About this exercise: Transcribe the listing below verbatim, omitting pictures.

Provided data:

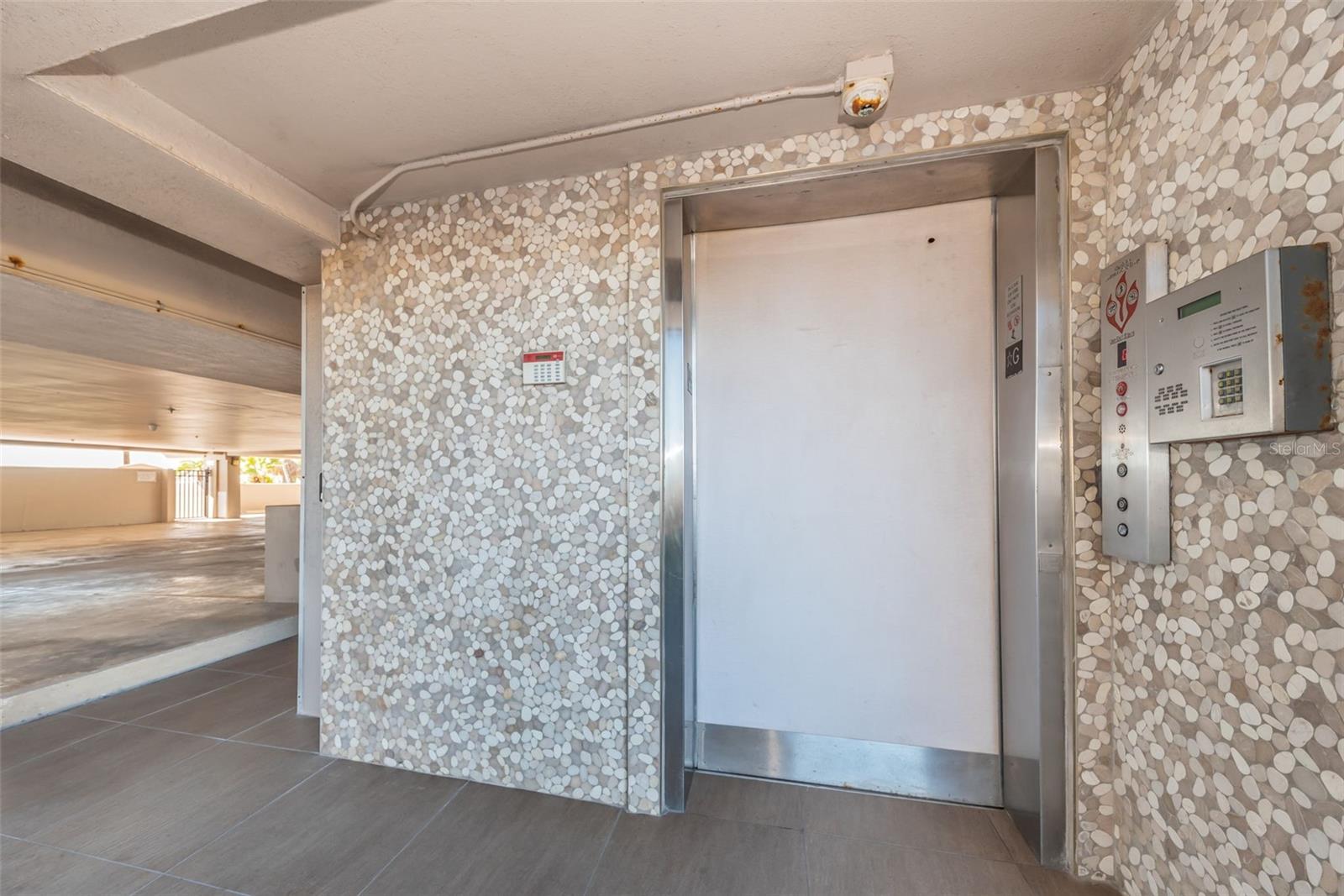 Image 7 of 70 For 13650 Gulf Boulevard 401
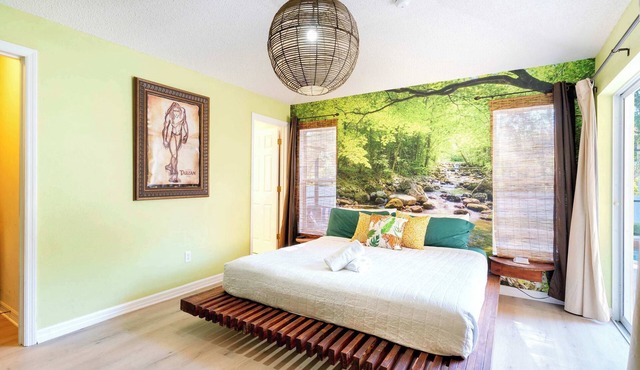 15 Mins to Disney Tarzan’s VR Jungle & Pirate Retreat
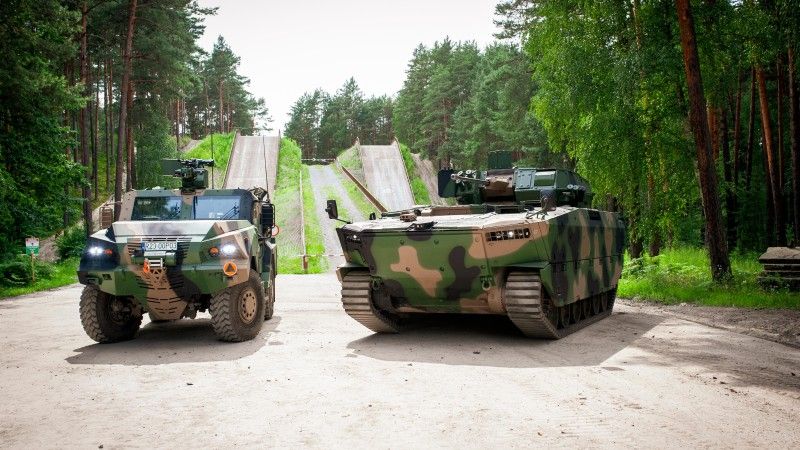 Wielozadaniowy pojazd taktyczny Waran i bojowy wóz piechoty Borsuk.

Reply to the exercise:
 Image 7 of 70 For 13650 Gulf Boulevard 401
 15 Mins to Disney Tarzan’s VR Jungle & Pirate Retreat
 Wielozadaniowy pojazd taktyczny Waran i bojowy wóz piechoty Borsuk.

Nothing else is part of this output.